Air Canada pushes on with plan to cut costs, boost capacity
TORONTO (Reuters) - Air Canada ACb.TO said on Monday that it expected to cut costs by up to 15 percent in the medium term, even as it boosts capacity, because of lower maintenance expenses, a new-low cost carrier and the addition of tightly packed fuel-efficient planes.
As competition heats up, Canada's largest airline will increase capacity 9 percent to 11 percent in 2014, bulking up on international routes where it is keen to expand its business. For 2013, the company expects capacity to climb 1.5 percent to 2.5 percent.

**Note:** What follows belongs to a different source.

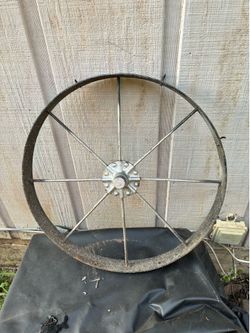 $45- Antique iron wheel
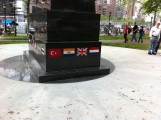 Obelisk with cutout in shape of soldier on base with mosaic flags, two plaques on two markers situated in circular plaza (axis aligned with Statue of Liberty)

In the first major expansion of its wide-body fleet in a decade, the Montreal-based airline will add five new high-density Boeing 777-300ER planes between June and February. In 2014, it will take delivery of the first seven of 37 Boeing 787 jets it has ordered.

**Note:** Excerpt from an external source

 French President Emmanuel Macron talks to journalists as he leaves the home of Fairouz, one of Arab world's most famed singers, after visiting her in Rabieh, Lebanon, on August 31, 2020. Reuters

The company also expects to increase capacity with the start of its Rouge airline in July. The new low-cost carrier is aimed at high-volume leisure travel in the Caribbean, United States and other international markets.

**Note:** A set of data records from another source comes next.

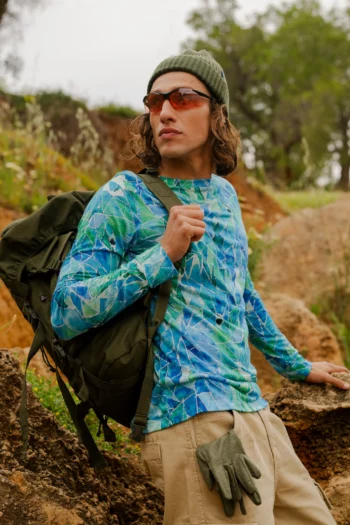 Mężczyzna na świeżym powietrzu stoi z dużym plecakiem, ma na sobie okulary przeciwsłoneczne i koszulkę z wełny merino z rękawem 3/4 mokka oraz zieloną czapkę. Zielone rękawiczki wystają z kieszeni jego spodni khaki, gdy opiera jedną rękę na kamieniu.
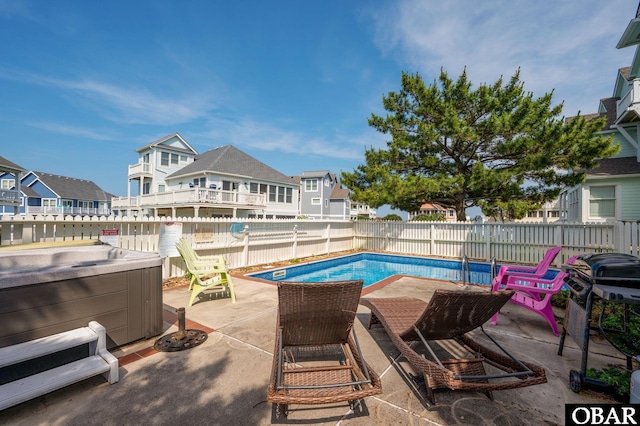 747 Hammock Ln Lot 55, Corolla, NC 27927 - view of pool featuring a hot tub, a patio area, a fenced backyard, and a residential view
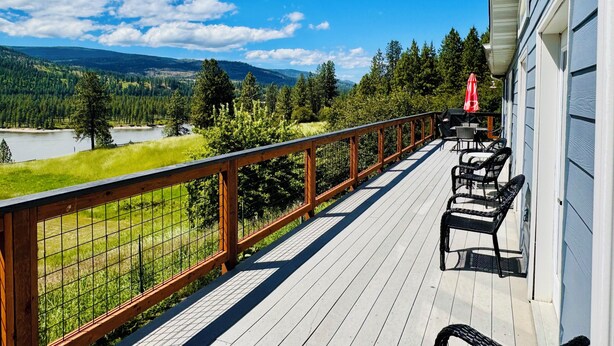 A wooden deck with a view of a lake and mountains, furnished with chairs and a table.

Air Canada has also tightened its grip on costs.
"We do have a plan to transform Air Canada into a sustainably profitable airline," Chief Executive Officer Calin Rovinescu said on a webcast investor presentation.
The transfer of 15 Embraer 175 aircraft to privately held airline Sky Regional in 2013 will also contribute to the 15 percent reduction in overall costs per available seat mile.
The company now expects those costs to fall 0.5 percent to 1.5 percent, excluding fuel and unusual items, in the second quarter and full year. It previously forecast between a 0.5 percent decrease and 0.5 percent increase for the quarter.
Chief Financial Officer Micheal Rousseau would not specify when the company would reach the 15 percent target, other than to say it would be in the medium term. Continued...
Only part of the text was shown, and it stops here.